Reality monitoring - Johnson and Raye (1981). Memory for the information source may not be stored, so we may remember internally generated events but not that they were internally generated. The source of a memory may generally be reconstructed from its content.

26
Q

What did Johnson, Foley, Suengas and Raye (1988) state about the differences between real and imagined memories?

A

They differ in terms of perceptual information, contextual information, and supporting memories. However time blurs this distinction.

27
Q

What is the key research into real and suggested events?

A

Schooler, Gerhard and Loftus (1986), who investigated whether we can use reality monitoring to spot false memories.

28
Q

What did Schooler, Gerhard and Loftus (1986) do?

A

Used the same stimuli as in the Loftus, Miller and Burns (1978) road accident study, misinformed participants with a question about a Yield sign, when it had been a stop sign.

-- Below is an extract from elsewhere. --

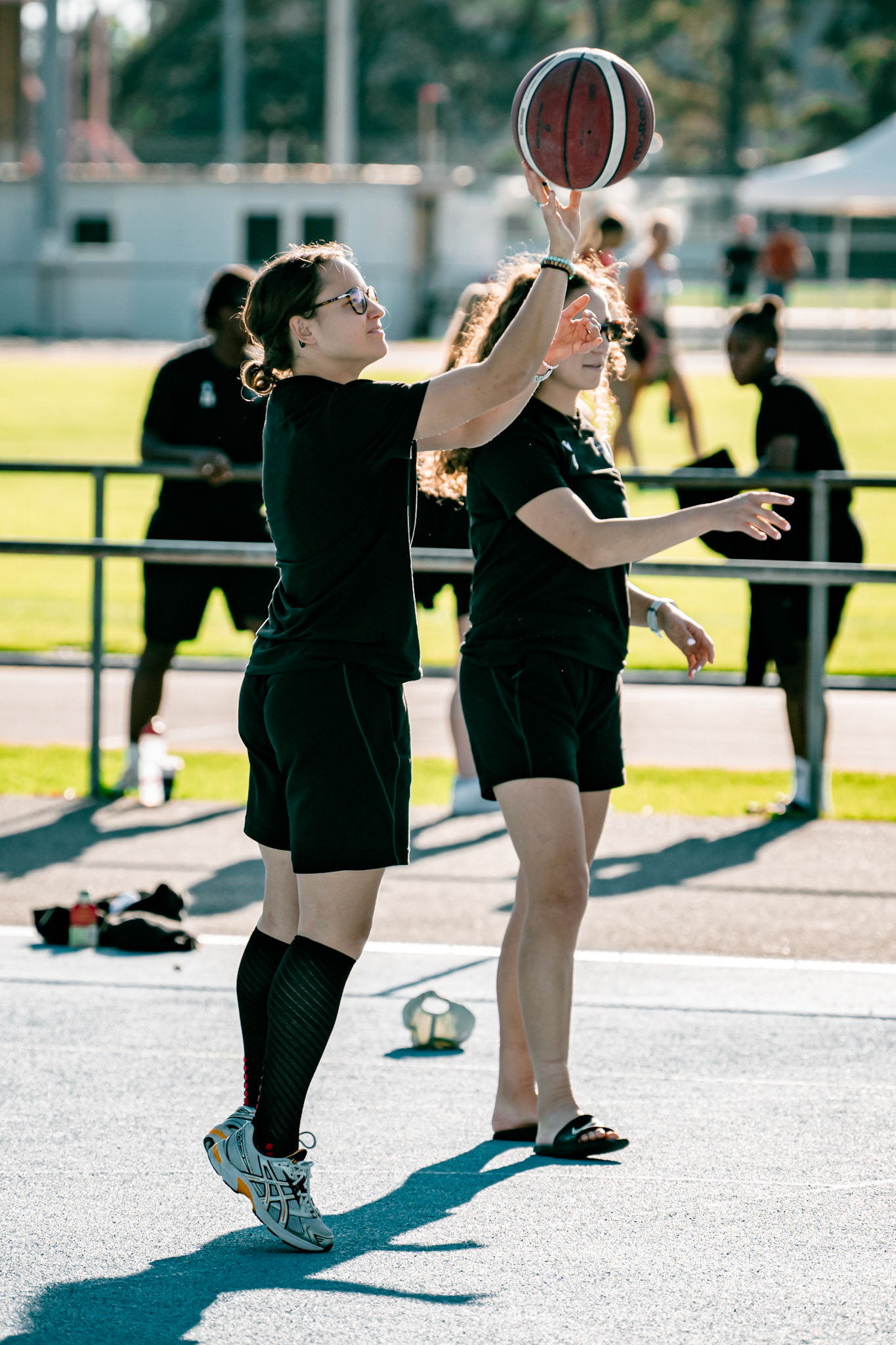 Match de championnat LNB (féminine) opposant le FC Sion Féminin à Yverdon Sport FC à l’Ancien Stand, Sion. (Christian António/LibsVisuals.com)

Added in a description condition.

29
Q

What did Schooler, Gerhard and Loftus (1986) find?

A

Real memories had a higher proportion remembered and mean confidence and more sensory information than suggested ones.
Suggested memories had longer descriptions, more cognitive justification, more function explanation and more verbal hedges.

30
Q

What are verbal hedges?

A

The use of justification for one’s own thoughts - “because of ….., I think….”

31
Q

What else did Schooler, Gerhard and Loftus (1986) find?

A

Psychology students’ classification of real and suggested memories was just above chance, with confidence the main reason for classification . Geographic and cognitive information was particularly misleading. Training improves accuracy, but time blurs the distinction between perceptual and contextual information.

32
Q

Other than time, what can confuse real and false memories?

A

Repeatedly thinking about events may decrease the differences in memory between real and imagined events (Suengas and Johnson, 1988).

33
Q

According to Ross (1989), how is retrieval affected by social factors?

A

We rewrite our own memories in two ways:

  1. Remembered attitudes - memories of previous attitudes are more similar to current ones than they were (hindsight bias).
  2. Remembered behaviour - attitude change manipulations can distort memories of previous behaviour (cognitive dissonance).
34
Q

What could explain social influences on retrieval?

A

A simple bias in terms of state-congruent retrieval.

35
Q

What did Conway and Ross (1984) find about remembered abilities?

A

Groups of students rated their study skills before and after a training program. It made no difference to skills or grades, but afterwards they systematically remembered their pre-course grades as being worse than they were. Socially motivated to be state-incongruent.